Still others will point to The Truth, with Ahnk-Morpork finally embracing a change in its infrastructure and beginning to move out of its pseudo-medieval roots.
But there are some, who point to Thief of Time, mostly on the strength of its answer to Discworld’s long running continuity errors.
Thief in Time is one of the mostly densely packed novels I’ve ever come across, in that there are several world-changing subplots in the same book. One of the more significant plot threads presents the imminent danger posed to the Discworld by the Glass Clock. If completed, it would imprison Time itself and shatter into pieces, essentially bringing the entirety of creation to a halt.
But the part that marks this book out as a significant entry in the Discworld Canon, is that a glass clock has been constructed before, time was shattered before, and all of the continuity errors and inconsistent characterizations are the result of the History monks trying to fix the damage done by the cataclysmic clock.
And so Discworld doesn’t just have an unstable magic field, narrative causality and world shaking catastrophes every Tuesday, it also has multiple pasts.
At this point I really do have to express my admiration for the Discworld Fandom as a whole, as any other fandom would have mostly likely imploded with rage and confusion at such a concept being applied to a canon of work.
If the constant jokes, self-contained stories and vague almost deliberate inconsistencies weren’t enough, Thief of Time confirmed once and for all that each Discworld Novel was its own little continuity where character traits and continuity were dictated by the jokes, not the other way around.
Certainly that explains away the inconsistencies of many a Discworld text, and there is a certain charm in knowing that you can effectively pick and choose which areas of canon you can adhere to. The idea of multiple universes is certainly not a new one to Discworld fans, and so the idea that every Discworld novel is its own self-contained adventure with selective repercussions on the rest of the Discworld canon is certainly a plausible position to take.
But the great irony of this situation, and the reason I’d regard Thief of Time as the true divide between old Discworld novels and new ones, is that Discworld books afterwards have established a clear and closely observed continuity.
In addition the later Discworld books place more emphasis on the plots, though without sacrificing the distinctive and memorable humour (even if it may fade into the background in works such as I shall wear Midnight or Night Watch), marking a change from previous Discworld books where the plot would stop and restart in service to whichever joke or idiosyncratic train of thought was passing through the text at the time.
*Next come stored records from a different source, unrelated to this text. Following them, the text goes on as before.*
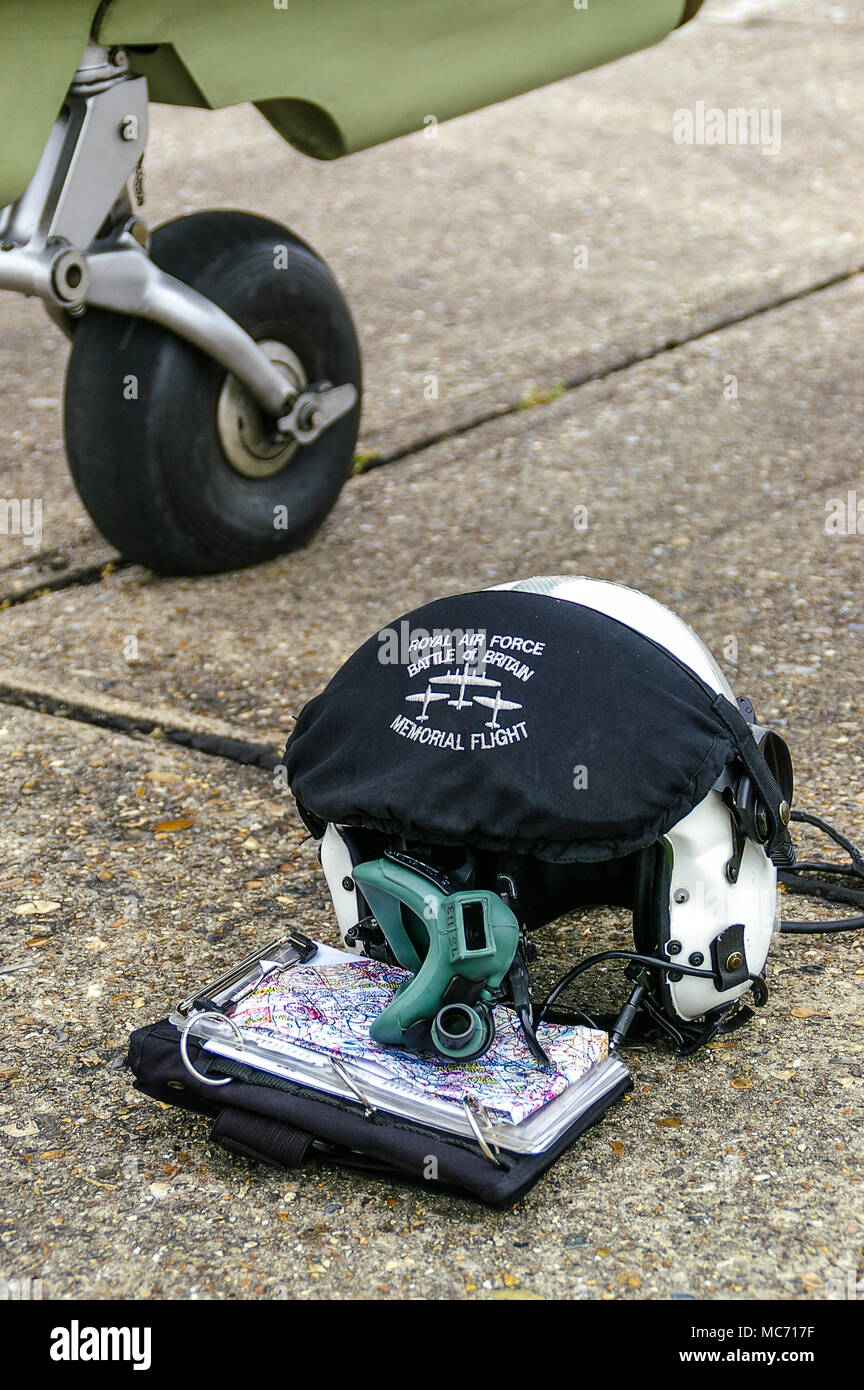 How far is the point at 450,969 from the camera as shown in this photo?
1.92 m

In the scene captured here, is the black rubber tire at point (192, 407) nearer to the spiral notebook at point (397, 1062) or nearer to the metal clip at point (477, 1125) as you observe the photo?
the spiral notebook at point (397, 1062)

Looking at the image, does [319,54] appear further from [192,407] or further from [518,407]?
[518,407]

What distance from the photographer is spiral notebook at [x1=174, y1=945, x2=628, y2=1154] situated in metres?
1.86

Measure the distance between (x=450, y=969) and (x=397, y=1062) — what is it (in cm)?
14

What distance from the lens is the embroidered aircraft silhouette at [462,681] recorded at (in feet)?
6.59

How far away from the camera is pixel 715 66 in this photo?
775cm

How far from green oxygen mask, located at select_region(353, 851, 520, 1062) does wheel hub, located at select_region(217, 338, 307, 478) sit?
71.4 inches

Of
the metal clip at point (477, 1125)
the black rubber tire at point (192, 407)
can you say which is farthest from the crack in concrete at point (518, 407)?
the metal clip at point (477, 1125)

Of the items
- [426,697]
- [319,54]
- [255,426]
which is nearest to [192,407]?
[255,426]

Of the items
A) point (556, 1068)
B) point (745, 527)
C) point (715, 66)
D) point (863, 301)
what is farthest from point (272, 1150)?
point (715, 66)

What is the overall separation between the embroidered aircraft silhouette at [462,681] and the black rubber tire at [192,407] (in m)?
1.58

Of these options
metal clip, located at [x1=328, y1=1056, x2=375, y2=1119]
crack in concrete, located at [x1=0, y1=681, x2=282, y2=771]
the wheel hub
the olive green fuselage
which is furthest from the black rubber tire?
metal clip, located at [x1=328, y1=1056, x2=375, y2=1119]

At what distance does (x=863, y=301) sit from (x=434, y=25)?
7.84ft
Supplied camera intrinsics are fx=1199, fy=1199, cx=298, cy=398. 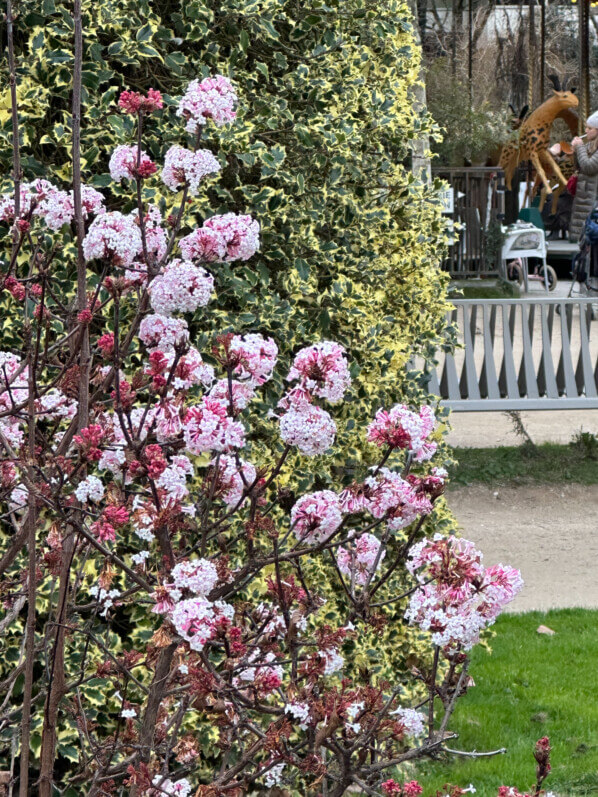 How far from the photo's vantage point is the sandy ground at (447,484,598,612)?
19.2ft

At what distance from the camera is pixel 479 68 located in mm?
39406

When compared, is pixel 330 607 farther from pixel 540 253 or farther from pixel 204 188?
pixel 540 253

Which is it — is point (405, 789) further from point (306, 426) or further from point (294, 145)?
point (294, 145)

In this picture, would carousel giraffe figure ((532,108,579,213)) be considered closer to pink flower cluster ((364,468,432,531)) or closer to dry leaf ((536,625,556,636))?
dry leaf ((536,625,556,636))

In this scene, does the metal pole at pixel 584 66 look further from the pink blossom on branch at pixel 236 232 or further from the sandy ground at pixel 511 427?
the pink blossom on branch at pixel 236 232

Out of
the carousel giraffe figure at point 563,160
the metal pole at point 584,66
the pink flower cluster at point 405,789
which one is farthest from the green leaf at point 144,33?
the carousel giraffe figure at point 563,160

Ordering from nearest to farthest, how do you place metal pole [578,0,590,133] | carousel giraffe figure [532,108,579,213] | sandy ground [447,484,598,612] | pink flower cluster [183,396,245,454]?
1. pink flower cluster [183,396,245,454]
2. sandy ground [447,484,598,612]
3. metal pole [578,0,590,133]
4. carousel giraffe figure [532,108,579,213]

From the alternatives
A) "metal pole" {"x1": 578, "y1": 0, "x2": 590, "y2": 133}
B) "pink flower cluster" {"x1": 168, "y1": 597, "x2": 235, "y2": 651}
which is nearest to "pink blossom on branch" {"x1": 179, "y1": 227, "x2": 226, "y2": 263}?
"pink flower cluster" {"x1": 168, "y1": 597, "x2": 235, "y2": 651}

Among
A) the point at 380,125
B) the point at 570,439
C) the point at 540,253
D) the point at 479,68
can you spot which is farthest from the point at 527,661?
the point at 479,68

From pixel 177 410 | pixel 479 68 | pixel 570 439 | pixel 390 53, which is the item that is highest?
pixel 479 68

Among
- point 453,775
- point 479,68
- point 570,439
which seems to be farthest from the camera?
point 479,68

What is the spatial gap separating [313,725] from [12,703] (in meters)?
1.33

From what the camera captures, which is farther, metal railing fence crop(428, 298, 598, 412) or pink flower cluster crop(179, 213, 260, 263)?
metal railing fence crop(428, 298, 598, 412)

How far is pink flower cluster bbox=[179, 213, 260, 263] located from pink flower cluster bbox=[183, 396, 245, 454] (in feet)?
0.86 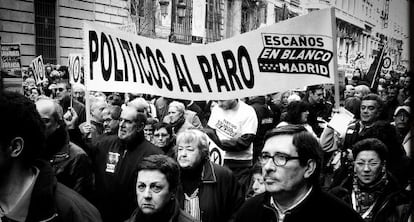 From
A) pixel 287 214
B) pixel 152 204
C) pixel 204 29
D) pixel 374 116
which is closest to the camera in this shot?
pixel 287 214

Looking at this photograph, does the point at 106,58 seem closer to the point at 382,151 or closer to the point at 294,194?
the point at 382,151

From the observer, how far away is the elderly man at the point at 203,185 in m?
3.90

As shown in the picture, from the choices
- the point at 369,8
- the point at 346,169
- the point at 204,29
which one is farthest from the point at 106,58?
the point at 204,29

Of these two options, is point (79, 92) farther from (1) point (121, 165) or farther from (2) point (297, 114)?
(1) point (121, 165)

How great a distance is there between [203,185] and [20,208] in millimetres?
2088

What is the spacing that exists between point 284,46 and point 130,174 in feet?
6.08

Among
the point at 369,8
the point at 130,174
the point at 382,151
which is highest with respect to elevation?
the point at 369,8

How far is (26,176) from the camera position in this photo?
212 cm

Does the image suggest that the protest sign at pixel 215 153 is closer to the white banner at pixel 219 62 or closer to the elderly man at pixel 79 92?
the white banner at pixel 219 62

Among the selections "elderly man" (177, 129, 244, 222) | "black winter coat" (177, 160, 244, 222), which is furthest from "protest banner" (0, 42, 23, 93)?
"black winter coat" (177, 160, 244, 222)

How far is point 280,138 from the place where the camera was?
2645 mm

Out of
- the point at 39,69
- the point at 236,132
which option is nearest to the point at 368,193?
the point at 236,132

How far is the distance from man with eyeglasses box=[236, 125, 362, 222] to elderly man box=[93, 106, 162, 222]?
2.06 metres

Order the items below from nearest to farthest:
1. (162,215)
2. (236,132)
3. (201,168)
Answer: (162,215) → (201,168) → (236,132) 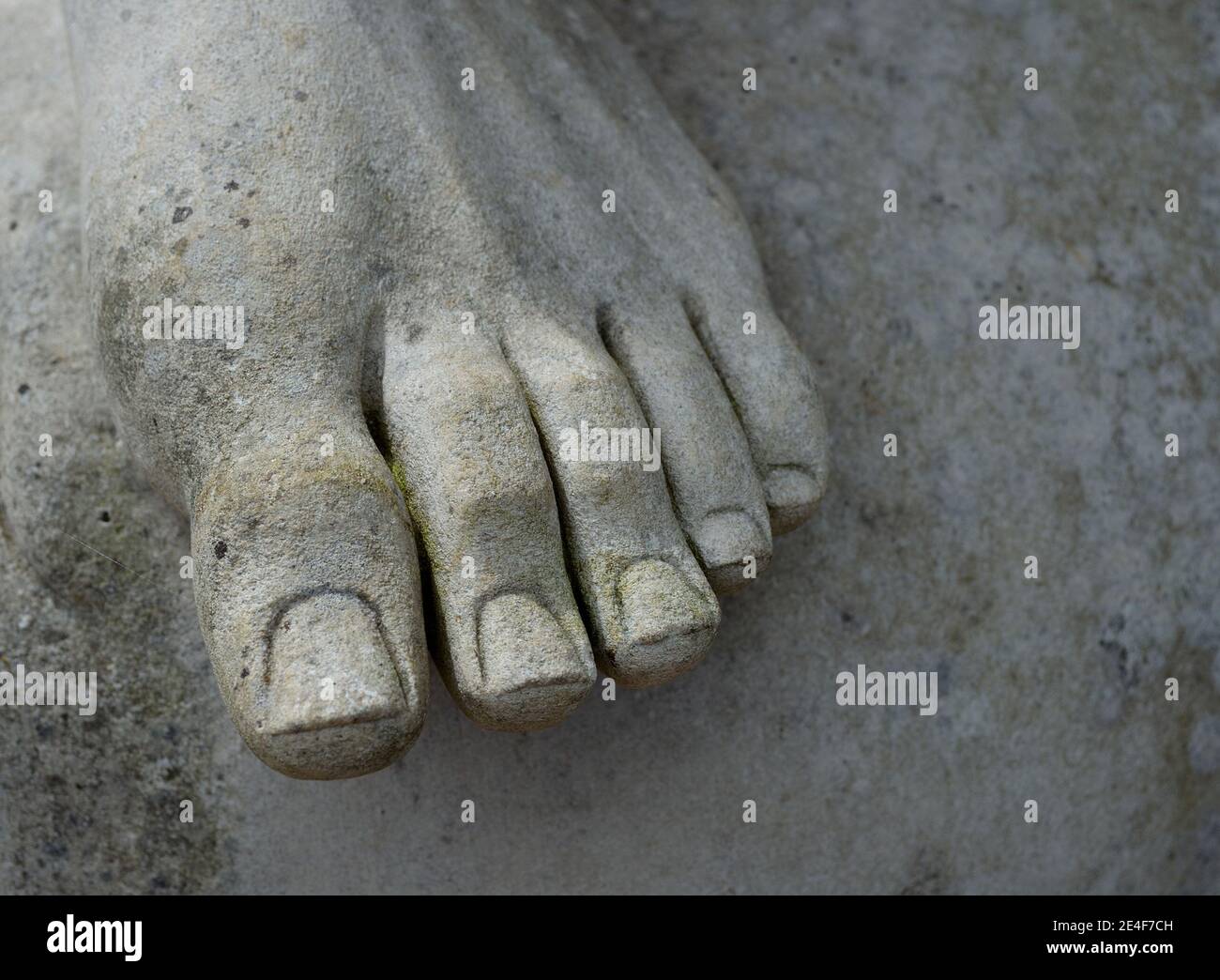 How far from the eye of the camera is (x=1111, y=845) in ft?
3.72

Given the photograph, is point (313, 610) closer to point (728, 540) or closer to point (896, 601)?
point (728, 540)

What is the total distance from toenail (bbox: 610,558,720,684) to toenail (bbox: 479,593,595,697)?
0.12 feet

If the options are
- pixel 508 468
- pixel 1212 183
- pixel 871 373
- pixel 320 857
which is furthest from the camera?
pixel 1212 183

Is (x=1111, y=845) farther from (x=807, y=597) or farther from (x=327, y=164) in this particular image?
(x=327, y=164)

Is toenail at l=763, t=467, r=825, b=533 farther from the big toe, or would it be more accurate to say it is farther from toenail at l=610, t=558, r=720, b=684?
the big toe

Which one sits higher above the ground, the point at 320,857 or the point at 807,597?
the point at 807,597

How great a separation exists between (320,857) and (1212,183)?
990 mm

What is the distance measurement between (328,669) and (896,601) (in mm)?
509

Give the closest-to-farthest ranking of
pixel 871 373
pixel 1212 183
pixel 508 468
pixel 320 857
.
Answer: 1. pixel 508 468
2. pixel 320 857
3. pixel 871 373
4. pixel 1212 183

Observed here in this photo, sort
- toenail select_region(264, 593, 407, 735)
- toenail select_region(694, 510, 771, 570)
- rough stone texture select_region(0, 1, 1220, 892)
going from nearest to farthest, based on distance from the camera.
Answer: toenail select_region(264, 593, 407, 735)
toenail select_region(694, 510, 771, 570)
rough stone texture select_region(0, 1, 1220, 892)

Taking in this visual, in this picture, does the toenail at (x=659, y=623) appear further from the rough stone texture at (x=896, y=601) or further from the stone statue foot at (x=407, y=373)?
the rough stone texture at (x=896, y=601)

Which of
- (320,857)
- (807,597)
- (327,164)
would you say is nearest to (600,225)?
(327,164)

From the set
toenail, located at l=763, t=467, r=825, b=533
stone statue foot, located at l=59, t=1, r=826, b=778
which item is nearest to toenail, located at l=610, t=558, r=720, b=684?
stone statue foot, located at l=59, t=1, r=826, b=778

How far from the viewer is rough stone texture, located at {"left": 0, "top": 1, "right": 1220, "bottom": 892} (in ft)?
3.30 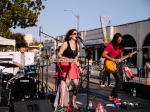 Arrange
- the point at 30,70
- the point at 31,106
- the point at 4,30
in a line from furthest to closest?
1. the point at 4,30
2. the point at 30,70
3. the point at 31,106

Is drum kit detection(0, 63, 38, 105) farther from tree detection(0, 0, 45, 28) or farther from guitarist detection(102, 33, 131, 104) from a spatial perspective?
tree detection(0, 0, 45, 28)

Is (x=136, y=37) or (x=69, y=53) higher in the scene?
(x=136, y=37)

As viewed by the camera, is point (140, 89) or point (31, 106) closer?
point (31, 106)

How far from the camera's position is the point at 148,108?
238 inches

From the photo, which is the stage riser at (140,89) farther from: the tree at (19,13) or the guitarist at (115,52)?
the tree at (19,13)

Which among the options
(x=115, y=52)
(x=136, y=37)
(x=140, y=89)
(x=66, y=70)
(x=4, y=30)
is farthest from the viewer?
(x=136, y=37)

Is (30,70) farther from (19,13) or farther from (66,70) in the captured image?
(19,13)

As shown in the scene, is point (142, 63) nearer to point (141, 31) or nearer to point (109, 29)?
point (141, 31)

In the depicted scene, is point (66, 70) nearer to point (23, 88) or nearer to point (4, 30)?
point (23, 88)

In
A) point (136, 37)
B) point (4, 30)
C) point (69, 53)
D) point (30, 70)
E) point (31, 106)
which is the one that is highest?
point (136, 37)

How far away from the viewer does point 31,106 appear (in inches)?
175

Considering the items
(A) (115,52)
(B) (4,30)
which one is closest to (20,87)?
(A) (115,52)

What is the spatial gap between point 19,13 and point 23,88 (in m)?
12.5

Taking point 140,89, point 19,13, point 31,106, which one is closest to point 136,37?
point 19,13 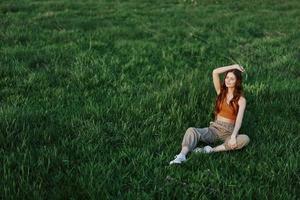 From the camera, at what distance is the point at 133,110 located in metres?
6.46

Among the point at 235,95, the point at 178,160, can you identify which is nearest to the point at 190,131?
the point at 178,160

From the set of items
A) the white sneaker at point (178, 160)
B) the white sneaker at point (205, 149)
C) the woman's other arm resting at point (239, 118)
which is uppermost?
the woman's other arm resting at point (239, 118)

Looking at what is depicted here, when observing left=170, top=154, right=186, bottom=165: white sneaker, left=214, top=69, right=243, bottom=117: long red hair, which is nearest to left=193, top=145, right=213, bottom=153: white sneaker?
left=170, top=154, right=186, bottom=165: white sneaker

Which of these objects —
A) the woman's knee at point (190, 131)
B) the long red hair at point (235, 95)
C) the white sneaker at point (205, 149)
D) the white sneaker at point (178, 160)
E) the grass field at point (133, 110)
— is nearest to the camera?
the grass field at point (133, 110)

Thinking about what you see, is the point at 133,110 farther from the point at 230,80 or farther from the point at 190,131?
the point at 230,80

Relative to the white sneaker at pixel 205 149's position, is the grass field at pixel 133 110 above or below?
above

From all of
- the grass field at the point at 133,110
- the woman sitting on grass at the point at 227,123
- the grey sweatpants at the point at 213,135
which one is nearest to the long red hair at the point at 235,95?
the woman sitting on grass at the point at 227,123

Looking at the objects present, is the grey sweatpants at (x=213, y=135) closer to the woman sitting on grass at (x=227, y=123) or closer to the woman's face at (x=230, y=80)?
the woman sitting on grass at (x=227, y=123)

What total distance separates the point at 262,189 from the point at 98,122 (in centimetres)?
224

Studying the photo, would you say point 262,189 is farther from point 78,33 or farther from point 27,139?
point 78,33

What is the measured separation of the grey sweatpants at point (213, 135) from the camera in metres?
5.64

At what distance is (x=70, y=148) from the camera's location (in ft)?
17.7

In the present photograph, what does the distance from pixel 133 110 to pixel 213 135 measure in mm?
1128

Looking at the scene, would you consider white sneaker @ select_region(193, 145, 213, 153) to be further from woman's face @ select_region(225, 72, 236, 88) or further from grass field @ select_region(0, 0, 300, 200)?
woman's face @ select_region(225, 72, 236, 88) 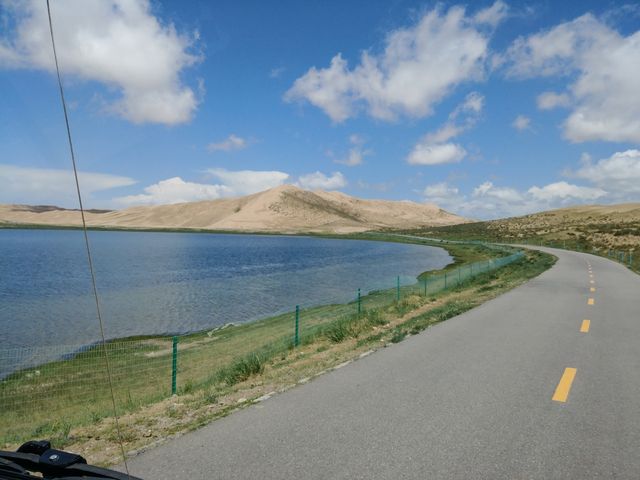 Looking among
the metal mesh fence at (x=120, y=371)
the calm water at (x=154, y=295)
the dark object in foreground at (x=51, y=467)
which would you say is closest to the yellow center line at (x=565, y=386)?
the dark object in foreground at (x=51, y=467)

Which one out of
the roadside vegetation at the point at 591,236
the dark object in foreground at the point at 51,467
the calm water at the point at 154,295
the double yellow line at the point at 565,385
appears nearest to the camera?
the dark object in foreground at the point at 51,467

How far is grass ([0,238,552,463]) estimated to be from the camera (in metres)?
7.06

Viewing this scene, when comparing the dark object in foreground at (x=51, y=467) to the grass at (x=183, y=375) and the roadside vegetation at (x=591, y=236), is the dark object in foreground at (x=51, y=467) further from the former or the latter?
the roadside vegetation at (x=591, y=236)

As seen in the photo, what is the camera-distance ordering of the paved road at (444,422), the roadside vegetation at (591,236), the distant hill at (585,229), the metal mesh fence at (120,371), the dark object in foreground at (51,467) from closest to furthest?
the dark object in foreground at (51,467) → the paved road at (444,422) → the metal mesh fence at (120,371) → the roadside vegetation at (591,236) → the distant hill at (585,229)

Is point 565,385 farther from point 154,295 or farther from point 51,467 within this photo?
point 154,295

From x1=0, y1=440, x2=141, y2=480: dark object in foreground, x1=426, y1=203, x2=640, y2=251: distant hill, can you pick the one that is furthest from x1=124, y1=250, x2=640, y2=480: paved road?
x1=426, y1=203, x2=640, y2=251: distant hill

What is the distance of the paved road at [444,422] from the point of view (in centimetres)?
481

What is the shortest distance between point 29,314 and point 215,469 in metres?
26.6

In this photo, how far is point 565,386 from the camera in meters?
7.55

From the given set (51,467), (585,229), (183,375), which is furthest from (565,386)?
(585,229)

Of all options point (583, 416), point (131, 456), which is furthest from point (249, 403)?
point (583, 416)

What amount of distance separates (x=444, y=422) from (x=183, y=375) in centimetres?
1059

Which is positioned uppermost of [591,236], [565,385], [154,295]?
[565,385]

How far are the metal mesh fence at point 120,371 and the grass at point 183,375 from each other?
0.13 ft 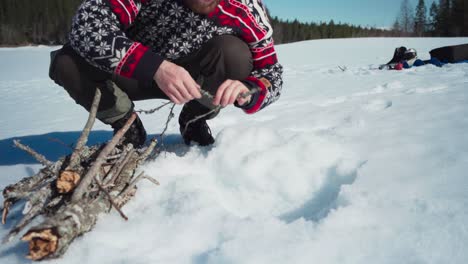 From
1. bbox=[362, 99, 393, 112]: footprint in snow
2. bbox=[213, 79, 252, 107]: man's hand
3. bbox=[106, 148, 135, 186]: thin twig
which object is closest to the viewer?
bbox=[106, 148, 135, 186]: thin twig

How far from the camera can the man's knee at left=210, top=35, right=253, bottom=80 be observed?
1.75 metres

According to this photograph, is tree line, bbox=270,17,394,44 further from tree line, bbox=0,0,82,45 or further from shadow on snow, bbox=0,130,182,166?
shadow on snow, bbox=0,130,182,166

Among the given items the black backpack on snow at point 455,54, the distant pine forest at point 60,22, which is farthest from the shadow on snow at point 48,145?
the distant pine forest at point 60,22

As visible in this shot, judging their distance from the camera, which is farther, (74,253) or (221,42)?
(221,42)

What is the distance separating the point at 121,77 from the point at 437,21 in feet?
153

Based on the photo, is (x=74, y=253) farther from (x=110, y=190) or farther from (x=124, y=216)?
(x=110, y=190)

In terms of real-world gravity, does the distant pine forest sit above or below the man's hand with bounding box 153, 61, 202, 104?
above

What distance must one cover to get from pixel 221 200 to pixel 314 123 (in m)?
1.24

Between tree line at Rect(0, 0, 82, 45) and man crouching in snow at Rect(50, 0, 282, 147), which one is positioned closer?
man crouching in snow at Rect(50, 0, 282, 147)

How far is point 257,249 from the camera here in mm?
885

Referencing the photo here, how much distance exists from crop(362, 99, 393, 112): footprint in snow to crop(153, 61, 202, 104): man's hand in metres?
1.72

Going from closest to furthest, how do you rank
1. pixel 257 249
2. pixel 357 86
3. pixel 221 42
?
pixel 257 249 < pixel 221 42 < pixel 357 86

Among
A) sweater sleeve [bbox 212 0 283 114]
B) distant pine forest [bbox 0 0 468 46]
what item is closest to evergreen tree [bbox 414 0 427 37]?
distant pine forest [bbox 0 0 468 46]

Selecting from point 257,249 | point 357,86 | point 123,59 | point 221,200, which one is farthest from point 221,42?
point 357,86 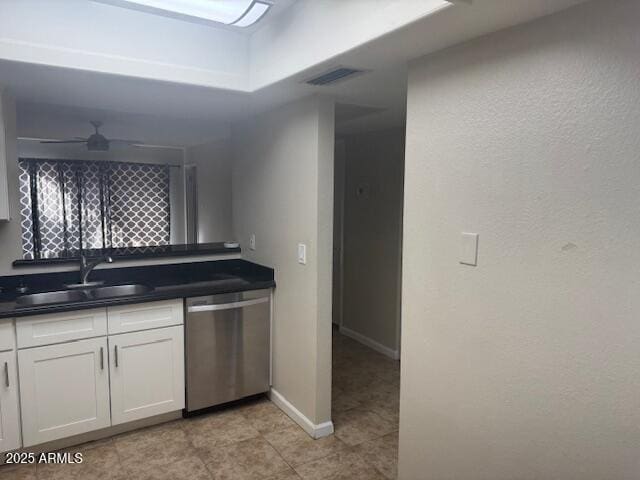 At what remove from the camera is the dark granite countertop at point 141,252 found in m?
2.88

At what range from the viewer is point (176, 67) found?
229 cm

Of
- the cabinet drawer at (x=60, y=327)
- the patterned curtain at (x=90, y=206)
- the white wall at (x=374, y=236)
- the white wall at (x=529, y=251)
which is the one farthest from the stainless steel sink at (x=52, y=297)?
the white wall at (x=374, y=236)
In freeing itself of any obligation to continuity, the Discworld series embraced it all the more strongly, though not to its detriment. The new Discworld books are still certainly Discworld books, the humour and skewed perspective on the world preserved, but with a new presentation and purpose.
So, is there a single ‘typical’ Discworld book?
Well yes and no.
On the one hand every Discworld book, as we have discussed, has the potential to be considered its own body of work with its own continuity, and elements of the texts such as tone and characters can change so dramatically from book to book that it seems futile to single any one text out as a representative of the entire Discworld series.
But at the same time, we can arguably define a divide between older Discworld books from before Thief of Time, based on their relation to Plot and continuity, so might there be a new opportunity to select certain texts from the Discworld canon as definitive examples of the styles of both eras.
Or perhaps not. Perhaps the only typical Discworld Text is the entire Discworld canon itself, a shifting story that rises from humble beginnings with inconsistent traits which eventually solidify into an epic spanning the centuries.
Either way, I’m not nearly done talking about these incredible books, and I hope you’re not done listening to me.